I was unable to find a working solution on the Rasa Forum for implementing the tokenizer associated with Hugging Face model weights. For example, my config:

recipe: default.v1
language: ru
pipeline:
- name: WhitespaceTokenizer
- name: LanguageModelFeaturizer
  model_weights: "ai-forever/sbert_large_mt_nlu_ru"
  model_name: "bert"
- name: RegexFeaturizer
- name: LexicalSyntacticFeaturizer
- name: CountVectorsFeaturizer
  analyzer: char_wb
  min_ngram: 2
  max_ngram: 5
- name: CountVectorsFeaturizer
  analyzer: char
  min_ngram: 3
  max_ngram: 10
- name: DIETClassifier
  epochs: 75
  constrain_similarities: true
  number_of_transformer_layers: 4
  embedding_dimension: 256
  random_seed: 42
- name: ResponseSelector
  epochs: 100
  constrain_similarities: true
- name: FallbackClassifier
  threshold: 0.7
policies:
- name: MemoizationPolicy
- name: RulePolicy
- name: UnexpecTEDIntentPolicy
  max_history: 5
  epochs: 100
- name: TEDPolicy
  max_history: 5
  epochs: 100
  random_seed: 42
  constrain_similarities: true

It should be LanguageModelTokenizer but it’s been deprecated in Rasa 3.x Then, LanguageModelFeaturizer requires a Tokenizer (Rasa Tokenizer Documentation) Why is it necessary to specify an additional tokenizer when the LanguageModelFeaturizer already includes an LM tokenizer?

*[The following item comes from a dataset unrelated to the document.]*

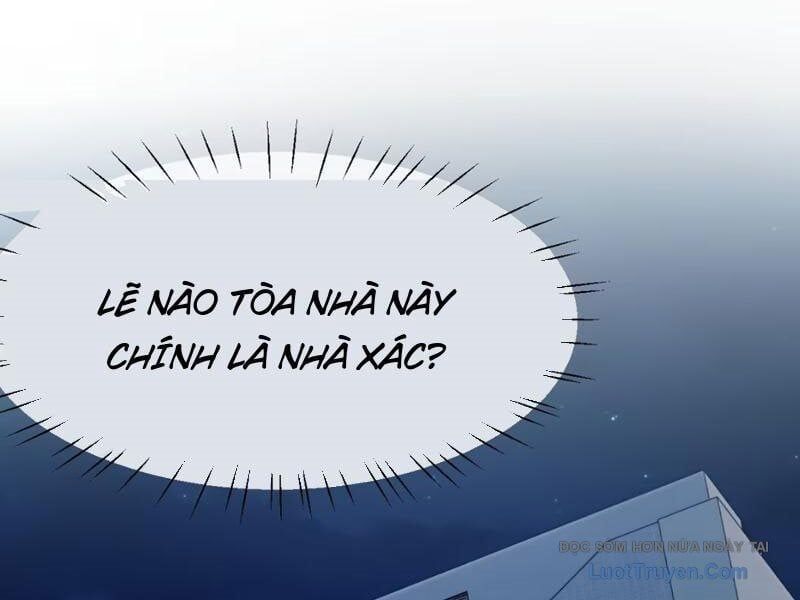 Kế Thừa Tủ Quần Áo Và Nữ Quỷ Từ Ông Nội - Chapter 12 - Page 73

We have to think this thing like this: Rasa needs two steps to understand text:

  1. A tokenizer like WhitesppaceTokenizer breaks down the next into smaller pieces.

  2. The LanguageModelFeaturizer uses its special tools to make sense of these pieces.

It’s like having a helper who first cuts up your food into bite-sized pieces before you eat it. Both steps are important for Rasa to learn from the text properly.

I hope my suggestion will be helpful for everyone.